• **INFORMATION GIVEN**
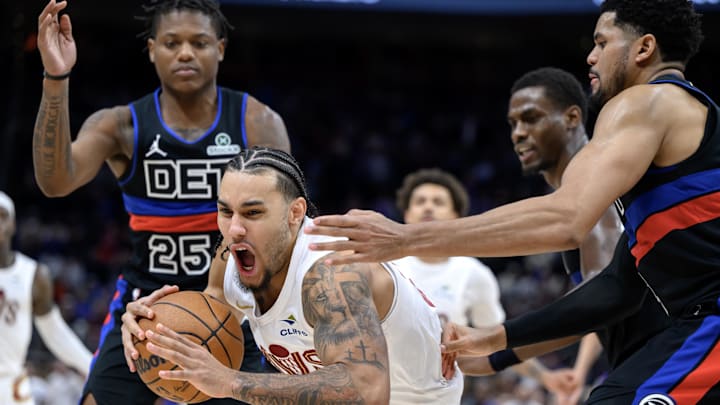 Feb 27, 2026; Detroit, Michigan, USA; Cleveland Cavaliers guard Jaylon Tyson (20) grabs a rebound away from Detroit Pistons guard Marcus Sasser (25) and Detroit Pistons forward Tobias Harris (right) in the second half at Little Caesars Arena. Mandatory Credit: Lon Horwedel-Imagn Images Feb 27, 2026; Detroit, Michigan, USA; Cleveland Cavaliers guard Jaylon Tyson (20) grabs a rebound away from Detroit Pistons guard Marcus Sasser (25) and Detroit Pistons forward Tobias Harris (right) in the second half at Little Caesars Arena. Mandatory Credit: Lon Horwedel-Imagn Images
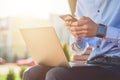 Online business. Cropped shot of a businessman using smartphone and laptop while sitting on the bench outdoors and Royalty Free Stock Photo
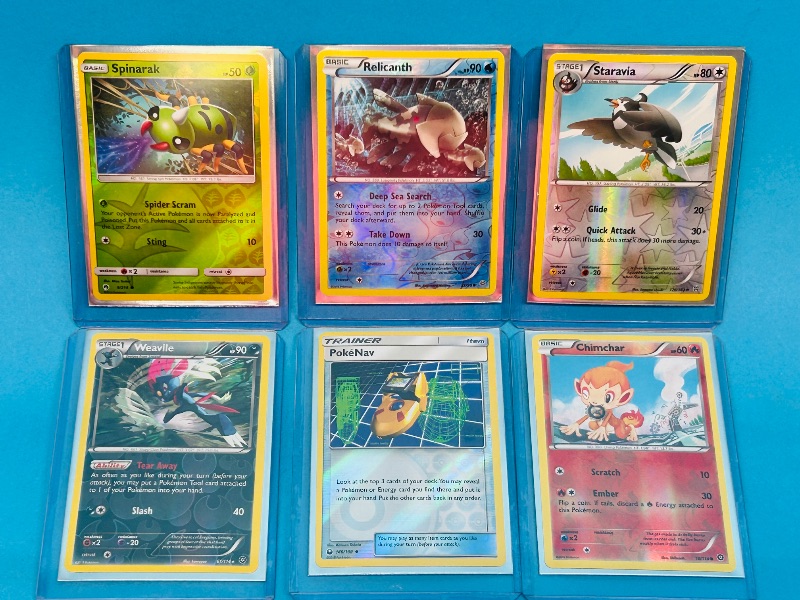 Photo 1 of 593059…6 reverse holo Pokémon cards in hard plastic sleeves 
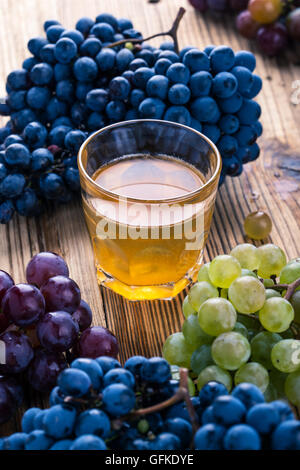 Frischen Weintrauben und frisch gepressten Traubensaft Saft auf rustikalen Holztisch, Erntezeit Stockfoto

==

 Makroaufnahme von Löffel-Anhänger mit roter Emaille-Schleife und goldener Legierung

• **PROBLEM REQUIREMENTS**
Pictures excluded, give again exactly and only the lines of the material above from the line with "Photo 1 of 593059…6" through the line with "Frischen Weintrauben und".

• **OUTPUT OF THE EXERCISE**
 Photo 1 of 593059…6 reverse holo Pokémon cards in hard plastic sleeves 
 Frischen Weintrauben und frisch gepressten Traubensaft Saft auf rustikalen Holztisch, Erntezeit Stockfoto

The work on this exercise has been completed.